Provided information START
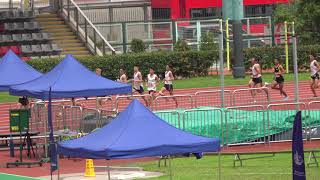 2018-9-22  Hong Kong Athletics Series 4 Men's 1500m Final 2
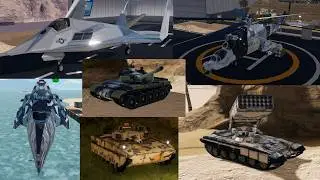 Using EVERY Mythic Limited vehicle in War Tycoon
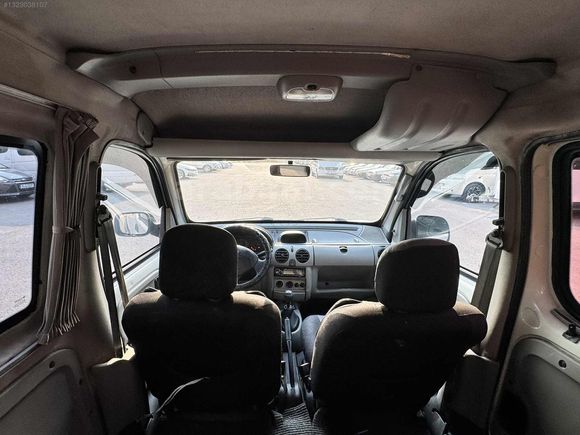 2003 MODEL OTOMOBİL RUHSATLI KLİMALI AİRBAGLİ KANGOO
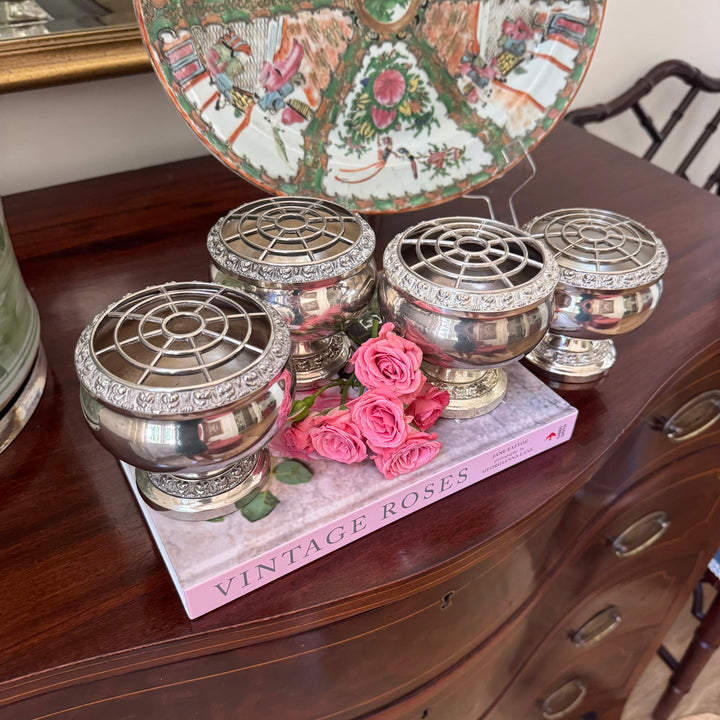 Medium English Rose Bowl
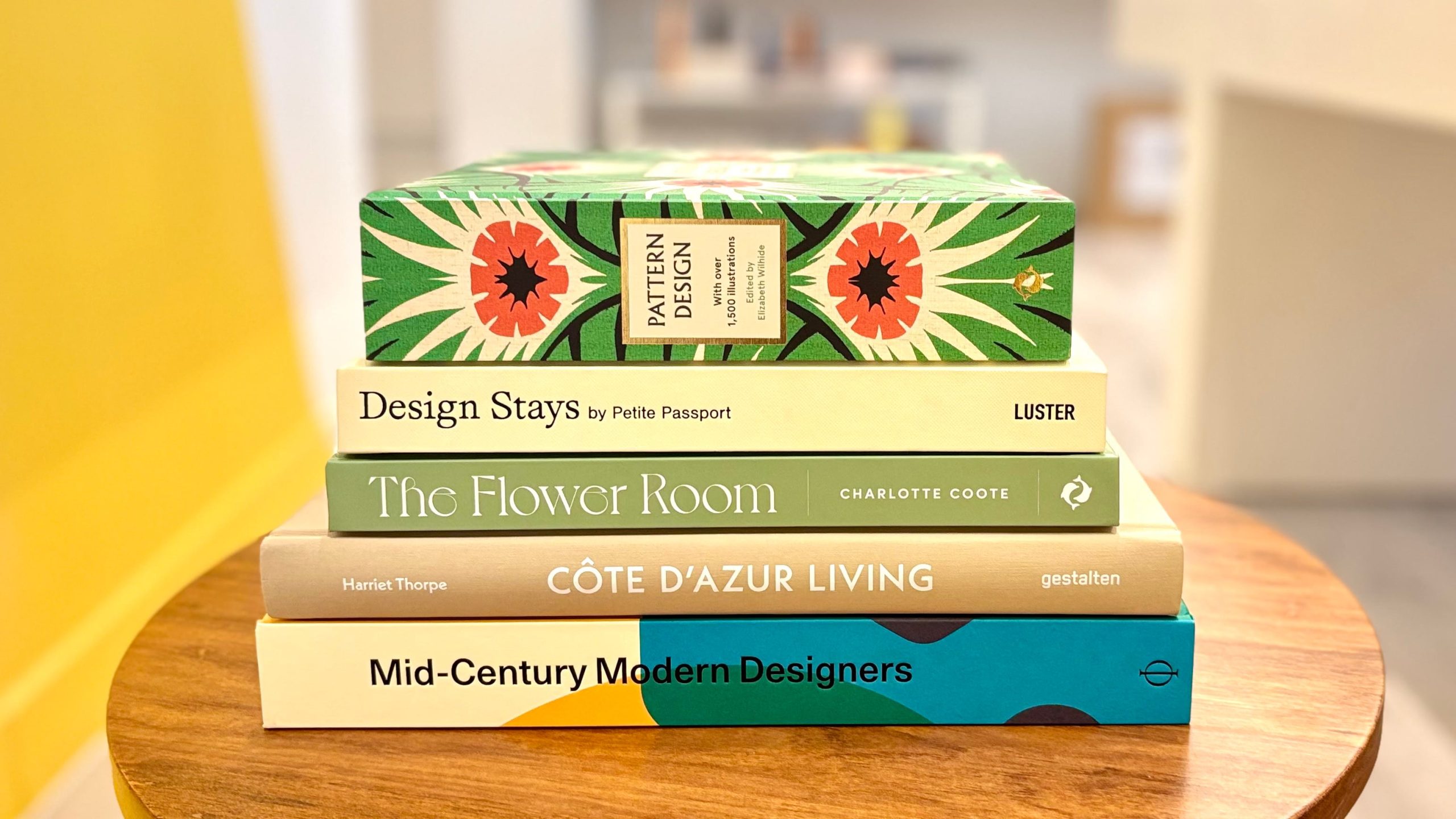 Una selección de títulos que pone el foco en el diseño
Provided information END
Assigned task: Copy out all of the entries exactly as they stand, with no pictures in your copy.

Written reply:
 2018-9-22  Hong Kong Athletics Series 4 Men's 1500m Final 2
 Using EVERY Mythic Limited vehicle in War Tycoon
 2003 MODEL OTOMOBİL RUHSATLI KLİMALI AİRBAGLİ KANGOO
 Medium English Rose Bowl
 Una selección de títulos que pone el foco en el diseño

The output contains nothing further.